The DSP combines an arithmetic-specific instruction set with efficiency and speed. Any system that can be described as linear time invariant (LTI) can probably be approximated by the DSP and benefit from its facility. Of course, applications exist that are still beyond the throughput of the generic DSP chip, and there are solutions for these cases too. Currently, the speed and efficiency of the DSPs themselves are improving as DSPs become even more capable.

What is digital signal processing?
The concept of a signal is difficult to define. On an intuitive level, it may be as simple as a wiggle, or lack thereof in the physical universe. From an engineering viewpoint, a signal may be defined as a function of one or more variables that contain information about the behavior or nature of some phenomenon. A data sequence may be such a function. If we modify this sequence or respond to it in any way, we have performed signal processing. Digital signal processing occurs in the digital domain and enjoys the benefits and burdens of that environment.

There is no single definitive DSP environment. Digital signal processing can occur in microcontrollers, application-specific ICs with no intelligent controller, CISC CPUs, RISC CPUs, PLDs, FPGAs, and digital signal processors. Processing can take place in real-time, as with motion control, or be time-constrained, as with many audio/video applications, or completely off-line, as with rendering. The needs of the application determine the theater, and therefore, the devices used. It is for this reason that we have so many DSPs to choose from.

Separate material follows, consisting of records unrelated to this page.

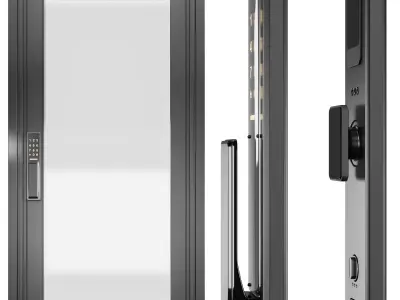 Interior Door - Smart 3D model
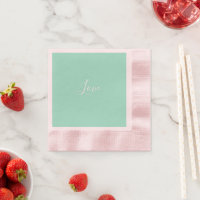 Custom Pastel Mint Solid Color Minimalist Wedding 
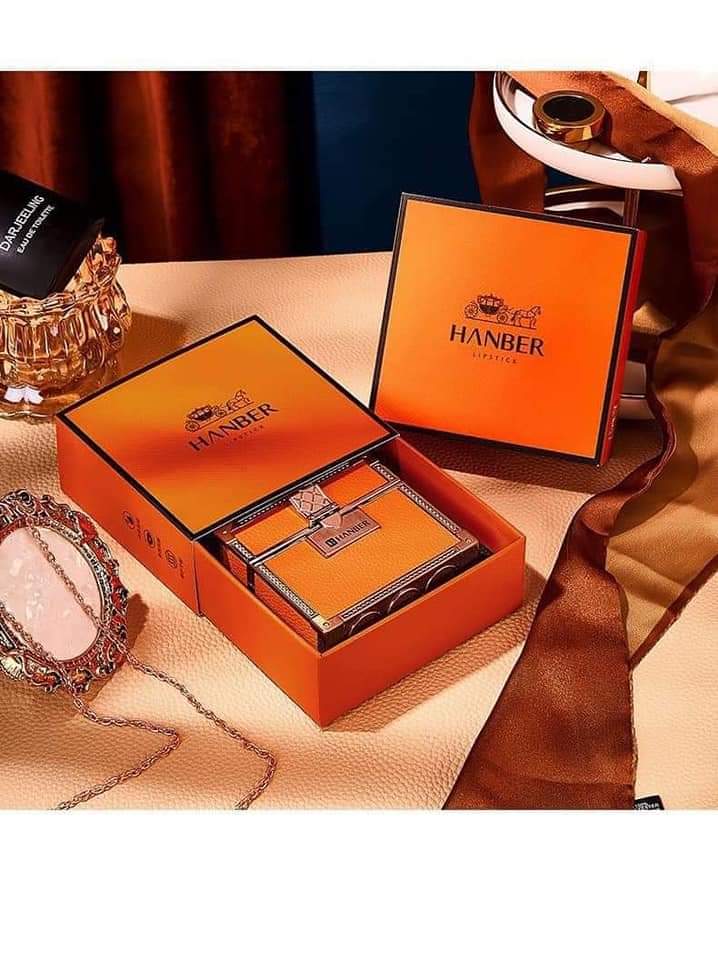 (Quà tặng valentine, quà tặng 8/3, quà tặng sinh nhật, quà tặng bạn gái) Set Son Môi Túi Xách 3 Cây HANBER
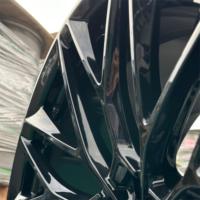 Rines Forjados Personalizados de Aleación 6061-T6 de 17-24 Pulgadas, 5x120 5x108 5x115 PCD, Diseño Cóncavo Negro Mate para Autos de Pasajeros Avanzados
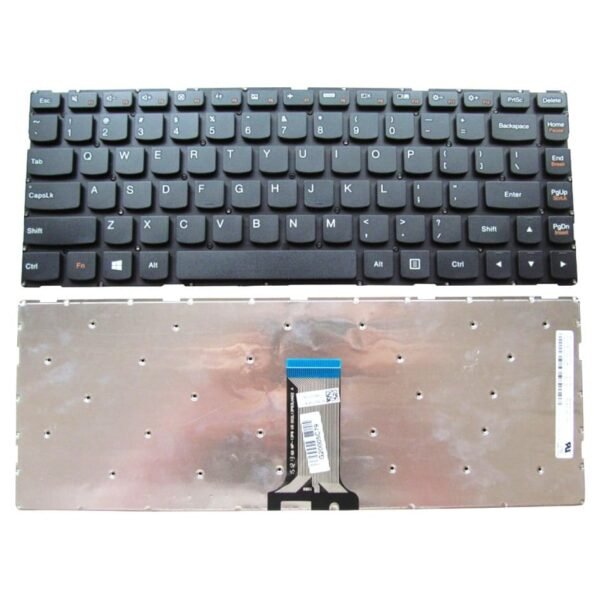 Laptop Keyboard For Lenovo IdeaPad 100S-14IBR 300s-14isk 310s-14isk 510s-14isk US Layout Black - Image 2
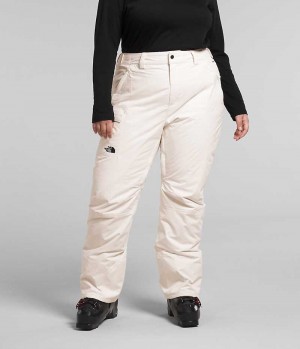 White The North Face Plus Freedom Women's Insulated Pants | MALAYSIA OPXCWD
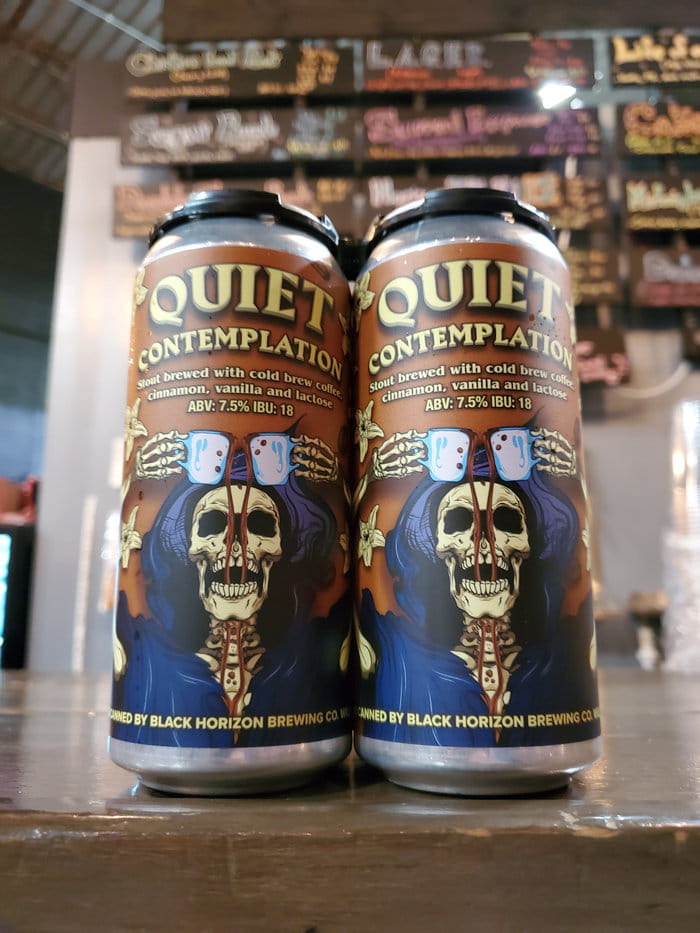 Cans of Quiet Contemplation from Black Horizon Brewing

Mathematics is the primary tool used in signal processing and certainly in DSP. The capacitors, resistors, inductors, and active elements of previous technologies are replaced by the math used to design them. And, though signal processing can occur anywhere, it is performed most efficiently on a machine designed to perform mathematical operations.

What do we expect of the DSP?
The DSP isn’t designed to perform the same operations as the CPU in your computer. Its instruction set is tailored to those operations necessary for fast arithmetic processing. The operations it needs are entirely numeric—often array operations involving infinite matrices. The core of the processing is the multiply/accumulate, the heart of the dot product, the convolution, correlation, and the integral. These are the operations necessary to describe an LTI system—the focus of all engineering applications.

Often when we think of the DSP, we think of a kind of CPU, which isn’t always correct. Digital signal processing can be performed with dedicated chips that perform one function. This option can be beneficial from the standpoint of economics as well as efficiency. Having an entire DSP with concomitant memory, programming, and interface isn’t always necessary—especially when the job can be performed by a single chip requiring little more than a simple setup. Realize that DSPs, even the fastest, may not be fast enough for the operation you have in mind, which is still the case for many radio and cell phone applications.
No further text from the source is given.